Typically, the backbone is thought to be one of the most conserved parts of the skeleton. Why the hero shrew did not follow this pattern has presented a significant puzzle. Prior to 2013, there was no satisfactory explanation for adaptive advantage of the strong spine. In 1974, Jonathan Kingdon suggested that the robust spine and associated posture keeps the animal's body clear of wet ground in swampy habitats. An alternate idea was that the intricate spine somehow evolved as the consequence of some unrelated adaptive factor, as in the spandrels of St. Marco hypothesis. Neither idea had strong scientific support. In 1998, Dennis Cullinane and his colleagues undertook an extensive survey of hero shrew's anatomy and concluded there was no obvious functional significance for the adaptation.

In 2013, a team headed by William T. Stanley of the Field Museum proposed that Scutisorex may use their exceptional spines to lever logs or dead palm leaves, enabling access to invertebrate prey such as earthworms. Although this behavior has not been directly observed, when local people are collecting beetle larvae in a similar fashion, they often encounter the shrews.

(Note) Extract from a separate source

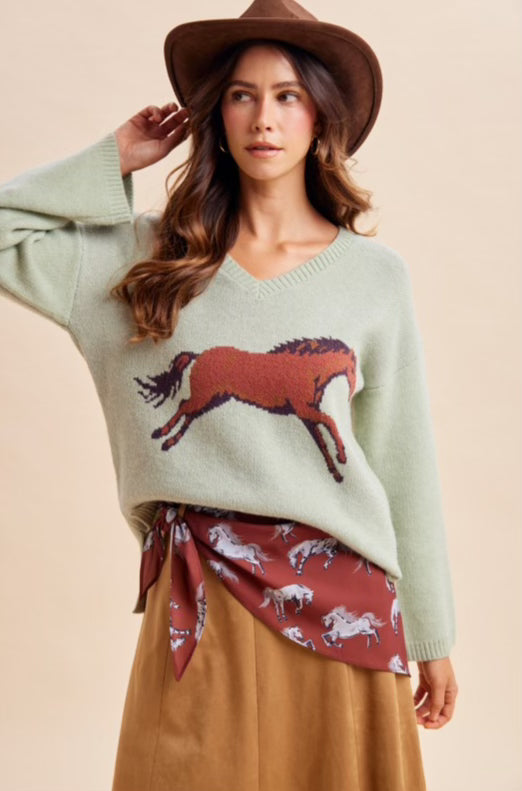 Pistachio Horse Sweater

Scientist Kristofer Helgen called the new theory "the first compelling explanation for the adaptive significance of the unusual spine."

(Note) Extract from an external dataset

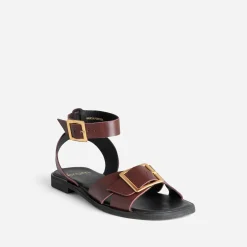 Sandale bordeaux cuir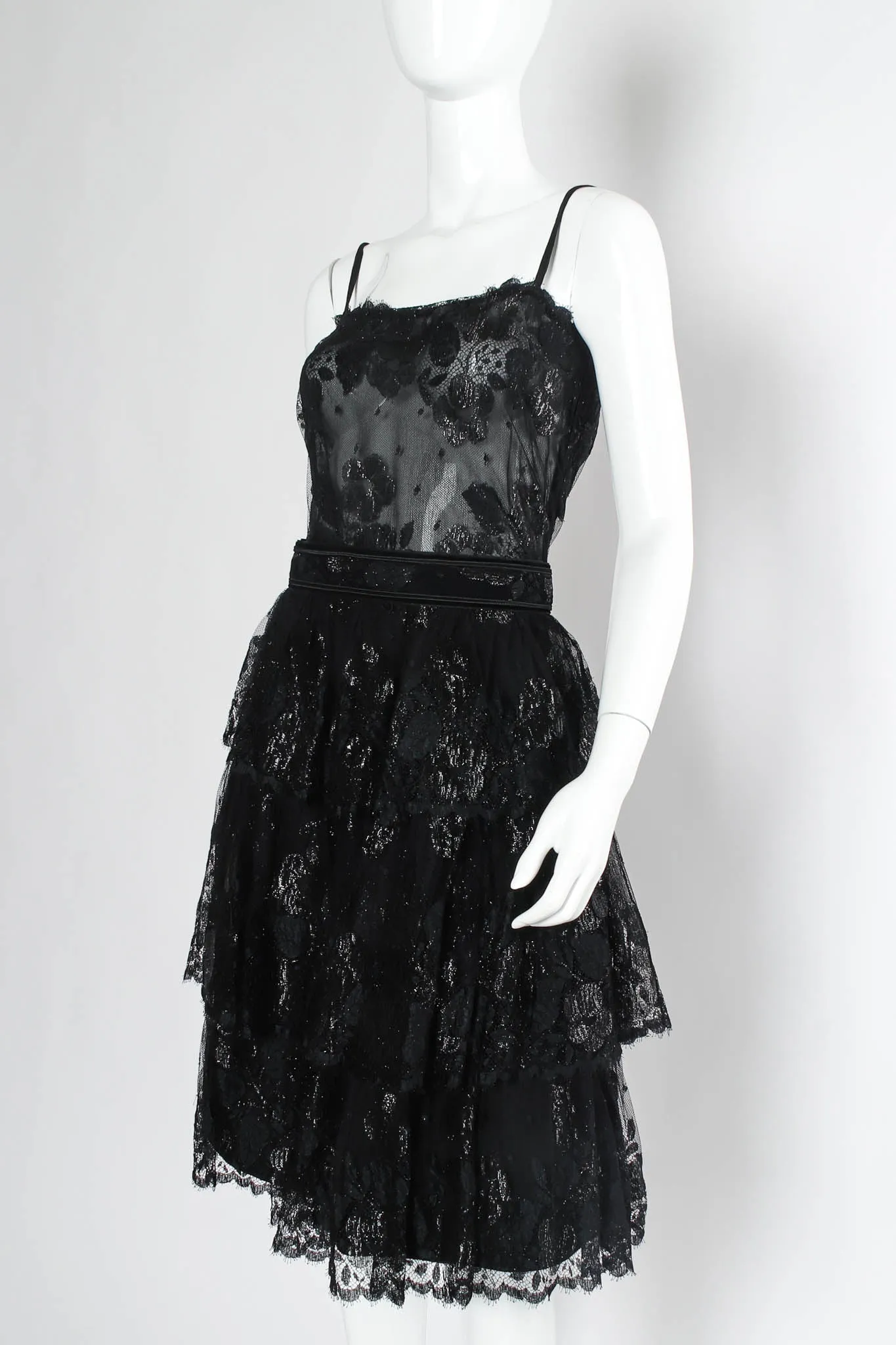 Metallic Floral Lace Top & Skirt Set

==Initial scientific description==
The hero shrew was first described in 1910 by Oldfield Thomas from a single specimen found in Uganda. But its unique spinal structure was not discovered until 1917, when J. A. Allen examined a preserved specimen from the American Museum of Natural History. The name "hero shrew" stems from the local Mangbetu name for the animal.

==Cultural significance==
The hero shrew is revered in its homeland. Its extraordinary strength has led to the shrew being used as a talisman by the local Mangbetu people. Tradition holds that any part of the shrew, even its ashes, will provide invincibility in battle. Local medicine men use the shrew to create a medicine said to provide courage and protection from injury during battle.